Haiti Can Solve Its Own Problems, if Foreign Powers Would Let It

Haiti Can Solve Its Own Problems, if Foreign Powers Would Let It
A man attends the funeral of slain President Jovenel Moise in Cap-Haitien, Haiti, July 23, 2021 (AP photo/Matias Delacroix).

Three weeks after the assassination of President Jovenel Moise, and a week after being sworn in as prime minister, Ariel Henry held his first Cabinet meeting on July 28. It did not go well. In an effort to distance himself from the unpopular Moise administration, Henry attempted to revoke a 2020 presidential decree creating a national intelligence agency, which had been widely criticized as an unaccountable secret police that could potentially spy on Moise’s political opponents. 

But in response to Henry’s proposal, the Cabinet’s secretary-general, Renald Luberice, submitted a letter expressing his opposition to dismantling Moise’s agenda, in which he invoked the memory of the recently slain president and the necessity to continue his work.
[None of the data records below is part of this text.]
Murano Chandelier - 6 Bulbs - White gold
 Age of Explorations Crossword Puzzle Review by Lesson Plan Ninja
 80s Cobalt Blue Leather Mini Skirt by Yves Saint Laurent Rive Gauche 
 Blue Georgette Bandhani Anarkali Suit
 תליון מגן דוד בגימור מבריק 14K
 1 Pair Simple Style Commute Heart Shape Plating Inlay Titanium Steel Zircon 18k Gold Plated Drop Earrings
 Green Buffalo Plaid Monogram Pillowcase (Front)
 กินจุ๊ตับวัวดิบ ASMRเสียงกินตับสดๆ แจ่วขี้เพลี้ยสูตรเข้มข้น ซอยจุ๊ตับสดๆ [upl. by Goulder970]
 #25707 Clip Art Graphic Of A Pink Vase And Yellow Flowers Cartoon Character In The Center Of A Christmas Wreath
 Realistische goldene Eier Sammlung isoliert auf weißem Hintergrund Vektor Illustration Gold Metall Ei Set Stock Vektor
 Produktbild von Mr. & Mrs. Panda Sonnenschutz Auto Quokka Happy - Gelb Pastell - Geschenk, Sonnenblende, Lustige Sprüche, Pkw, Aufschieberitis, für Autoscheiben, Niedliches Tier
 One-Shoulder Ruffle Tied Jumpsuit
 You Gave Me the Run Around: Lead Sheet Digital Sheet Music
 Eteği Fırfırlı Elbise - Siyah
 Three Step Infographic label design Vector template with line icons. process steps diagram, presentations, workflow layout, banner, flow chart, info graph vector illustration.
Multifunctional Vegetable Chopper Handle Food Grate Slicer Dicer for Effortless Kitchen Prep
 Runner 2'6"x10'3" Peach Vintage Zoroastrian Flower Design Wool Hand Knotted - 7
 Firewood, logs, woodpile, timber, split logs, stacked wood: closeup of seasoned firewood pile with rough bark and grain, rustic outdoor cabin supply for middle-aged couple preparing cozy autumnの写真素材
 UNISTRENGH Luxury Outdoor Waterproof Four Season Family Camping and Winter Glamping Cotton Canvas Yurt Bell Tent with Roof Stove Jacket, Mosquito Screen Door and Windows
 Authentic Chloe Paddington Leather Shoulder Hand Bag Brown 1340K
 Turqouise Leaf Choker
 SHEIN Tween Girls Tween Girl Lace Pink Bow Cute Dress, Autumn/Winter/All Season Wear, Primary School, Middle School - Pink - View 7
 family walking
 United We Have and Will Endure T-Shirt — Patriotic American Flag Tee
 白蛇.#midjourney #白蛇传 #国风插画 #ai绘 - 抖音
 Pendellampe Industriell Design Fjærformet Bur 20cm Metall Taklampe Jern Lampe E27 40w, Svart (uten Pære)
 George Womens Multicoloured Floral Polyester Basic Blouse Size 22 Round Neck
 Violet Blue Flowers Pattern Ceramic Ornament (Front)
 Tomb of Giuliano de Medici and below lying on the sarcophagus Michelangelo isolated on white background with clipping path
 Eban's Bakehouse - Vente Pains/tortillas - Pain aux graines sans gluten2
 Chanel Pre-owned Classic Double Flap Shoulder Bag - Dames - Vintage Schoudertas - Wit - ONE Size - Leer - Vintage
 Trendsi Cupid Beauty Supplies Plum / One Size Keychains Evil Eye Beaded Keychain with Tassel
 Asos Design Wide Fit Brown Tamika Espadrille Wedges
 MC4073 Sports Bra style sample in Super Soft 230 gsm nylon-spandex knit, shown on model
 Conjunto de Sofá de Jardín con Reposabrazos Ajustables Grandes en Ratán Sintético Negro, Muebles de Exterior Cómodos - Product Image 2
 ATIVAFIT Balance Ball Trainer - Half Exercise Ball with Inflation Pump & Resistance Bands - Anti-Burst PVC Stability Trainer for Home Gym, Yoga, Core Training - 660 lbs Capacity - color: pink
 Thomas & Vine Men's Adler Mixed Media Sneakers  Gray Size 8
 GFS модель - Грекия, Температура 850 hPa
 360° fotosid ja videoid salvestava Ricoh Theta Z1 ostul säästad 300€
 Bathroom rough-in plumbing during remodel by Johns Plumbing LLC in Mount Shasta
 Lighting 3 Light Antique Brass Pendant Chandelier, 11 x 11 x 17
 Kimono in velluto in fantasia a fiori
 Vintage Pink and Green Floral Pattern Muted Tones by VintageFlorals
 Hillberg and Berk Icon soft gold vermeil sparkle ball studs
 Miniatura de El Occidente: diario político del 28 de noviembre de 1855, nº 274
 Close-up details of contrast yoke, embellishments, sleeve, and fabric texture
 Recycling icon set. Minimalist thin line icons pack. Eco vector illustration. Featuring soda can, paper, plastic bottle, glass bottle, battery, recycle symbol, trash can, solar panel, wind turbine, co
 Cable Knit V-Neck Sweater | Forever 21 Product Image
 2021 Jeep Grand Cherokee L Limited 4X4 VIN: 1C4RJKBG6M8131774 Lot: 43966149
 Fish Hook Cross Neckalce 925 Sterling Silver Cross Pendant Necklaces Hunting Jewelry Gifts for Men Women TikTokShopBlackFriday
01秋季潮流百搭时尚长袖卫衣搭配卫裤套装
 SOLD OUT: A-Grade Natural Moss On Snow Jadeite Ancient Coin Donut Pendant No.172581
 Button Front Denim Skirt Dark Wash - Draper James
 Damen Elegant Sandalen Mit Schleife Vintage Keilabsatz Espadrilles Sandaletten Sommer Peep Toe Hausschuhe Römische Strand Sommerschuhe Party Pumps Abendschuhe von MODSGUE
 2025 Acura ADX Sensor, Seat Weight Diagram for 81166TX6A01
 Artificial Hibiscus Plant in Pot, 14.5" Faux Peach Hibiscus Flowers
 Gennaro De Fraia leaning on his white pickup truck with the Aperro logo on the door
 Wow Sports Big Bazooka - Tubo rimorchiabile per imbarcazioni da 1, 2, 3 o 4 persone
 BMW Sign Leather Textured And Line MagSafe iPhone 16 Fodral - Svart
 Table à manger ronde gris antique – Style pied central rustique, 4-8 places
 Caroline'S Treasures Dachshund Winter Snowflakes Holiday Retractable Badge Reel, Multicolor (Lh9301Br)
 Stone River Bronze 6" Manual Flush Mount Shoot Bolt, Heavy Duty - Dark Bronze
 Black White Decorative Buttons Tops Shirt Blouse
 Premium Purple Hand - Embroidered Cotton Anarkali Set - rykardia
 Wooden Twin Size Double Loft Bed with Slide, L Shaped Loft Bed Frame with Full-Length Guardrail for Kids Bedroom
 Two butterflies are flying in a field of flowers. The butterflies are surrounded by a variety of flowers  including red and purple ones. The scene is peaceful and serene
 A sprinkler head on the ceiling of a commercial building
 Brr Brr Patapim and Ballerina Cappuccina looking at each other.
Ultimately, Henry backed off. 

The episode illustrates just how challenging the road forward will be for Henry as he tries to organize new elections “as quickly as possible.” Beyond the divisions within his own government, Henry faces many overlapping crises. First, violent gangs, many of which had forged ties with Moise and his allies, control entire neighborhoods of the capital, Port-au-Prince, fueling a wave of violent crime that has displaced thousands of residents. On June 30, journalist Diego Charles and activist Antoinette Duclair were shot and killed by unidentified men on a motorcycle—part of a long string of assassinations of pro-democracy figures going back to 2018.